Но лирическую тему наиболее полно раскрывает композиционный параллелизм: вторая глава рассказа включает в себя вставную историю о самоубийце-извозчике, которая, если принять во внимание, что в рассказе центр тяжести перенесён на раскрытие отношения героя к миру, выполняет обобщающую функцию и призвана раздвинуть рамки обозначенного в первой главе конфликта, т. е. вывести его из сферы индивидуального, единичного в сферу общего, типичного.

При этом, поскольку в реалистических произведениях лиризм служит авторскому изображению поэтической действительности, а «в романтизме он выступает как принцип типизации»29, естественно, возникает вопрос о характере гаршинской типизации. Большинство исследователей творчества В. Гаршина, связывая своеобразие художественной манеры писателя с романтическим восприятием окружающего мира и романтическими формами изображения действительности, тем не менее безусловно утверждают реалистическую природу его творческого метода, указывая на то, что В. Гаршин отбирает жизненные факты, уже несущие в себе элемент обобщения, и, в свою очередь, типизирует их30. Однако в данном случае В. Гаршин использовал принципы и реалистической, и романтической типизации, поскольку, хотя все обстоятельства сохраняют реальность и конкретность, – здесь, как и в других произведениях писателя, в силу вступает поэтика исключительной ситуации.

Концовка третьей главы является одновременно и концовкой первой части рассказа.
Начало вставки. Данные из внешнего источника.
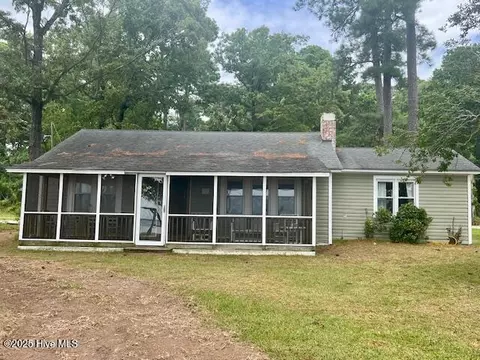 Exterior - 743 Island View Rd, Bath, NC 27808 photo 2 of 9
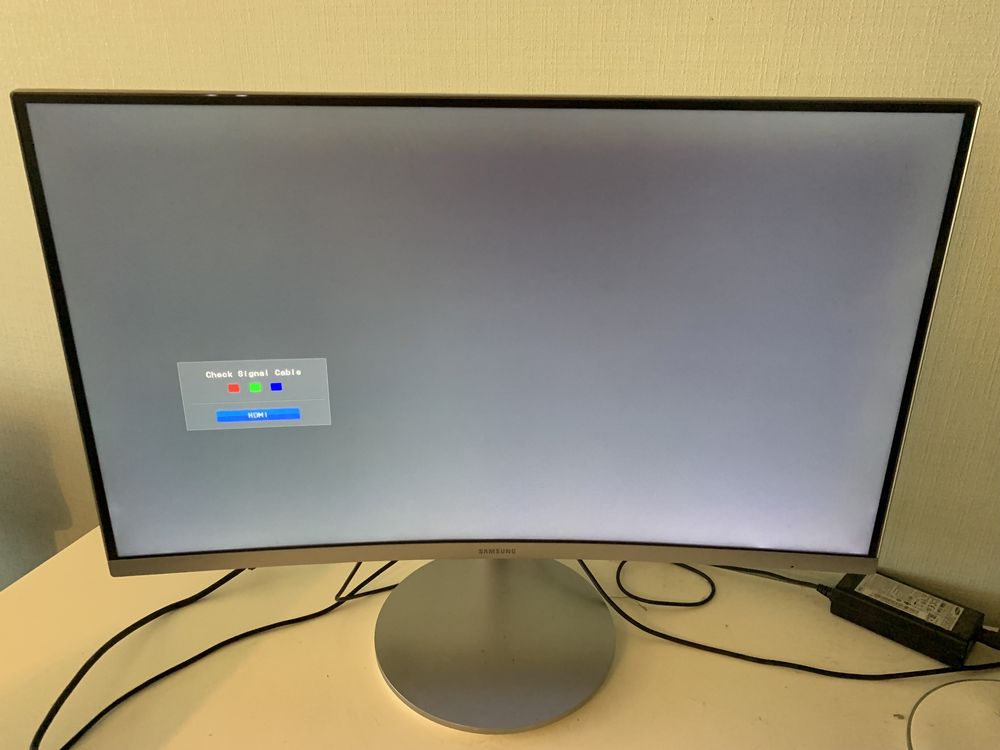 Monitor SamsungCF591, curved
Звон колокола, пробудивший в душе героя светлые воспоминании о давно забытом мире детства, в художественной структуре рассказа соотносится – по принципу контраста – со стуком часов, который в сознании Алексея Петровича ассоциируется с пошлостью жизни. На идейно-функциональной роли этих звуковых образов-символов в рассказе «Ночь» акцентировали внимание многие исследователи творчества В. Гаршина31. Так, по мнению Г. Бялого, тиканье часов символизирует «гибель одиночества», звон колокола – призыв к жизни, к людям; Т. Маевская полагает, что в образе торопливого и однообразного постукивания часов заключён символ времени (с ним связана тема зла, а со звоном колокола – тема добра… etc). В целом их наблюдения представляются достаточно интересными, но в дополнение к ним хотелось бы отметить, что звуковая символическая линия в рассказе за счёт «рифмовки» сюжетных деталей (стук часов – звон колокола) создаёт своеобразное композиционное обрамление. Здесь начало произведения (первая фраза: «Карманные часы, лежавшие на письменном столе, торопливо и однообразно пели две нотки» [с. 118]) соотносится с концовкой заключительной (шестой) главы рассказа: «Тысячи колоколов торжественно зазвонили. Солнце ослепительно вспыхнуло, осветило весь мир и исчезло…» [с. 134]. Звуковой лейтмотив как один из организующих моментов всей композиции (стук часов символизирует зло, «пошлость жизни»; звон колокола – добро, «правду жизни») является в то же время и необыкновенно сильным средством лиризации повествования.